The effect of administration of several pterins on serum phenylalanine concentration (Phe) and urinary pterin excretion was investigated in two patients with atypical phenylketonuria (PKU) due to L-erythro-7,8-dihydrobiopterin (BH2) deficiency, one patient with atypical PKU caused by dihydropteridine reductase (DHPR, EC 1.6.99.7) deficiency, 5 patients with classical PKU (defective phenylalanine-4-hydroxylase, EC 1.14.16.1) and two adult controls. A drastic and comparable decrease of serum Phe, lasting for about 48 h, was observed in the 2 patients with BH2 deficiency after oral administration of L-erythro-5,6,7,8-tetrahydrobiopterin (BH4), BH2 (both 8μmol/kg body weight) and L-sepiapterin (2.8 and 4.2 μmol/kg in the 2 patients, respectively). BH4 and partially even BH2 decreased serum Phe also in the patient with DHPR deficiency. BH4, intravenously, had no effect on serum Phe of the classical PKU patients and of the controls. d-erythro-5,6,7,8-Tetrahydroneopterin (NeH4) had no effect on serum Phe in one patient with BH2-deficiency. The patients with BH2 deficiency excreted large amounts of neopterin, some dihydroneopterin and dihydroxanthopterin (XH2), but no trace of biopterins, indicating a BH2 synthetase deficiency in both patients. The patient with DHPR deficiency excreted remarkable amounts of BH2 and XH2 and traces of biopterin and neopterin. After BH4 administration, excessive amounts of BH2 and XH2 were excreted. Untreated PKU patients excreted more pterins than did patients under PKU diet or normal controls; after BH4 administration, PKU patients and controls excreted large amounts of BH4, BH2, biopterin.

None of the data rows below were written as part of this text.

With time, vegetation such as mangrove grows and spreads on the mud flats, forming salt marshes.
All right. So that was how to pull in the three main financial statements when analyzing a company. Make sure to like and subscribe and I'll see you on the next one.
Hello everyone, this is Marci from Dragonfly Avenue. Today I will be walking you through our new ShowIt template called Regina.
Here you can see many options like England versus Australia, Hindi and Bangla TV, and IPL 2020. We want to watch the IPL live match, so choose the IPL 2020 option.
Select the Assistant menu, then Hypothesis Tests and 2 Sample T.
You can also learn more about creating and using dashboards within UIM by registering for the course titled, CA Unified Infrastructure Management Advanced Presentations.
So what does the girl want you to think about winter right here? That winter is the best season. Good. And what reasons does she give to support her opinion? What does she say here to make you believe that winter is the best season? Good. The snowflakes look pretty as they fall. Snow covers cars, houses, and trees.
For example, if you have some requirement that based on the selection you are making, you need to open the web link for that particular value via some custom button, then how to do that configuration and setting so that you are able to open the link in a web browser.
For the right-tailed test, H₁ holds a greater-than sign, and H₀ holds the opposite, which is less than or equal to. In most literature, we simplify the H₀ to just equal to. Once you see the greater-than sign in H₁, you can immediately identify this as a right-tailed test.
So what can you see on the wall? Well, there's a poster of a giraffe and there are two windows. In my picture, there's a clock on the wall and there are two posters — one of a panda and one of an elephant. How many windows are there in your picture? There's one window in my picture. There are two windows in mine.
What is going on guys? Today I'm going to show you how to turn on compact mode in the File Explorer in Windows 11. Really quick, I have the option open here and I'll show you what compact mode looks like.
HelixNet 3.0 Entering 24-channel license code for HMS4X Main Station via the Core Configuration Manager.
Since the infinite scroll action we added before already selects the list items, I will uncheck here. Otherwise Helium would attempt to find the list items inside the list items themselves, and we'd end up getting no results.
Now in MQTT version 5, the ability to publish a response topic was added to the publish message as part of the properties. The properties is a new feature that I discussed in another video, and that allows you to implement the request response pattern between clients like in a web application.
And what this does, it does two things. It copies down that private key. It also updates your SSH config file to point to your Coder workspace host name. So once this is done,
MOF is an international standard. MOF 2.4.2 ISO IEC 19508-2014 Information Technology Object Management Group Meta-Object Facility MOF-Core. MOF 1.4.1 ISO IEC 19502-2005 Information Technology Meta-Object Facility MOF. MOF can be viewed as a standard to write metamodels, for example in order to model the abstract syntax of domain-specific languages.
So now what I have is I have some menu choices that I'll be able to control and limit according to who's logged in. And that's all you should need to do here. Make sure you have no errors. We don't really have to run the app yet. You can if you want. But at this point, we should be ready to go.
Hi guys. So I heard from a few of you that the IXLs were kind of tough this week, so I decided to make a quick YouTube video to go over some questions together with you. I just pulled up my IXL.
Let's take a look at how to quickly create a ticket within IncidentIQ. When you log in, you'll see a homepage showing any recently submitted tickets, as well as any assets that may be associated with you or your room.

The results demonstrate that BH4, BH2, L-sepiapterin and NeH4, in admixture with ascorbic acid (10 mg/kg body weight) can be absorbed easily upon oral administration. The PKU diet of patients with BH4-deficiency can be replaced by oral BH4 supplementation. The two patients with BH2 synthetase deficiency need about 4μmol BH4 kg-1 d-1 (1.25 mg BH4 · 2 HC1 kg-1 d-1), and the patient with DHPR deficiency needs about 8 μmol BH4 kg-1 d-1. Substitution of neurotransmitter precursors (dopa, 5-hydroxytryptophan and carbidopa) cannot be discontinued. Screening of all newborn hyperphenylalaninemics for BH4 deficiency is suggested by a single oral administration of BH4 · 2 HCl, 8 μmol kg-1, 1 h before a meal, and measurement of serum Phe before and 4 or 6 h after loading. © 1979.